Awesome. I was worried it may be small in the back.


----------



## saltlaker (Nov 18, 2014)

I've had several people comment on how nice it is to be picked up in a new car. My car is 8 months old. When people are in the back seat I try to slide my seat up a bit to give them more leg room.


----------



## Steve_Chatt (Nov 15, 2014)

Ok, awesome! Yeah.. its a super nice car. And you cant beat the 30+ MPG


----------



## Markisonit (Dec 3, 2014)

Steve_Chatt said:


> Awesome. I was worried it may be small in the back.

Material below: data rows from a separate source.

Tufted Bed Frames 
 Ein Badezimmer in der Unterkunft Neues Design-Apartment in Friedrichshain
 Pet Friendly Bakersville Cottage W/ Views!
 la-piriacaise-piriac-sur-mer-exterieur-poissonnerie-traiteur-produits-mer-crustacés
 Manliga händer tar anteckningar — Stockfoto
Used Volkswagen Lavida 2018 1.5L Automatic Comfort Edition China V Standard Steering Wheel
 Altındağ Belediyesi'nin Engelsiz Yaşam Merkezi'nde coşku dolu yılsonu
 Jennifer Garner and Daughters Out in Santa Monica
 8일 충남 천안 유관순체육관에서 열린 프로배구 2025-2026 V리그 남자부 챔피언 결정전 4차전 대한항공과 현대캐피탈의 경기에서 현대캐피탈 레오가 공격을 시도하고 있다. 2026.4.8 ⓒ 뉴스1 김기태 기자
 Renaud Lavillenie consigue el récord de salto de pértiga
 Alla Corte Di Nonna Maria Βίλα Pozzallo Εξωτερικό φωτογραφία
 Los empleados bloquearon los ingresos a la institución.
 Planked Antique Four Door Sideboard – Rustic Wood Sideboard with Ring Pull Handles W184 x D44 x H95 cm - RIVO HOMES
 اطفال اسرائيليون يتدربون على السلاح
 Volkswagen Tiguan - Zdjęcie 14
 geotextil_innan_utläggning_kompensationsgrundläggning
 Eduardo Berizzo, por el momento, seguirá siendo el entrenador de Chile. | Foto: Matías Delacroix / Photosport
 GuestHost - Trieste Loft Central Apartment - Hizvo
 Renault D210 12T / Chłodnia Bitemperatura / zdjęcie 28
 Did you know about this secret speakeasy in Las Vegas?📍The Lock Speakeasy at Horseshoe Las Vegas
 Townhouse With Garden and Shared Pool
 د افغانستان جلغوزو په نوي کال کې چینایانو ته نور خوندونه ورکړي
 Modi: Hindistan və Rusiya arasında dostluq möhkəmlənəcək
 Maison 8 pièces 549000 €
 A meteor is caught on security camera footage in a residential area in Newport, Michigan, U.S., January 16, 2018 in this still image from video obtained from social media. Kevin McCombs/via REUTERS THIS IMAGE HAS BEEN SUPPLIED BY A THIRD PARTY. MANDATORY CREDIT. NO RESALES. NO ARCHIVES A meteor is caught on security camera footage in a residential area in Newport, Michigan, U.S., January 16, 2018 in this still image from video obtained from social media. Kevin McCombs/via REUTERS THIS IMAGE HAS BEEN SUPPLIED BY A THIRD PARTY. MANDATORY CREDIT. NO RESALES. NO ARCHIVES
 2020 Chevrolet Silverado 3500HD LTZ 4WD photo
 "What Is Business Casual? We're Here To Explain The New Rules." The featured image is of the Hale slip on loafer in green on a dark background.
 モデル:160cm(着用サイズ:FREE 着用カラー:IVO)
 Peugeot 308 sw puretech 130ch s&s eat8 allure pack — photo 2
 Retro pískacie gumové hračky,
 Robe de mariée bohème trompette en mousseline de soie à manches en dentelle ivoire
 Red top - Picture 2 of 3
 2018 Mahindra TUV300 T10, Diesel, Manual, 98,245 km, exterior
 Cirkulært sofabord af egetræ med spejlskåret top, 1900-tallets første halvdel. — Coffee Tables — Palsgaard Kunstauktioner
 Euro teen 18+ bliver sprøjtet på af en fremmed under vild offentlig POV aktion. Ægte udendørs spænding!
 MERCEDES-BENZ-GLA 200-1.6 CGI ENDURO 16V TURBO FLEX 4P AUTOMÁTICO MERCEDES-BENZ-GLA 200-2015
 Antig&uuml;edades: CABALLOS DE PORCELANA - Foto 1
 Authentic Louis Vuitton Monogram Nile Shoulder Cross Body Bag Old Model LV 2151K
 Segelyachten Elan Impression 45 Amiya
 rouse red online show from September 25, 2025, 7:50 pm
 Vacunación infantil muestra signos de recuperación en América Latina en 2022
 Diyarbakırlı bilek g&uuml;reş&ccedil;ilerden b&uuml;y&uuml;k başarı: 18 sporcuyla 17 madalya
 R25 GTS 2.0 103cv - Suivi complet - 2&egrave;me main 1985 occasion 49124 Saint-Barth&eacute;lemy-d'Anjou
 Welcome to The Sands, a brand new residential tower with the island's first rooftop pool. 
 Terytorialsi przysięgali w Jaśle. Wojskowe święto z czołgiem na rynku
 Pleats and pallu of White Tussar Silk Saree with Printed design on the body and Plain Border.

When you get 4 pax at an airport, all with luggage, it could be a problem. I checked into a civic and a corolla. Did the back seat test with myself and 2 good size salesmen. It was tight.
I did the same with a Camry and it has ample room. This is what I bought.


----------



## Jeep Daddy (Jan 10, 2015)

I use a 2006 Civic Hybrid. I've taken 2 people to the airport with luggage but taking 3 would probably be a problem. I wonder how long Uber will let me keep driving my 2006 car.


----------



## Markisonit (Dec 3, 2014)

Uber let me drive my 2004 car but the City of Houston says it has to be minimum 2007 and 2008 starting in July with less than 150k miles. They will have inspectors on hand to issue the permits and make sure everything is up to their standards. Good luck!


----------



## driedpie (Jun 30, 2021)

It is a nice car. Just go for it and trust me you will feel very special when you will drive it.
ds emulator jiofilocalhtml.run


----------



## Bork_Bork_Bork (May 20, 2019)

driedpie said:


> It is a nice car. Just go for it and trust me you will feel very special when you will drive it.


Replying to a 6 year old thread……you’re gonna do great here….lol


----------



## TomTheAnt (Jan 1, 2019)

Thanks for registering and bringing back to life this worthless eight year old thread.


----------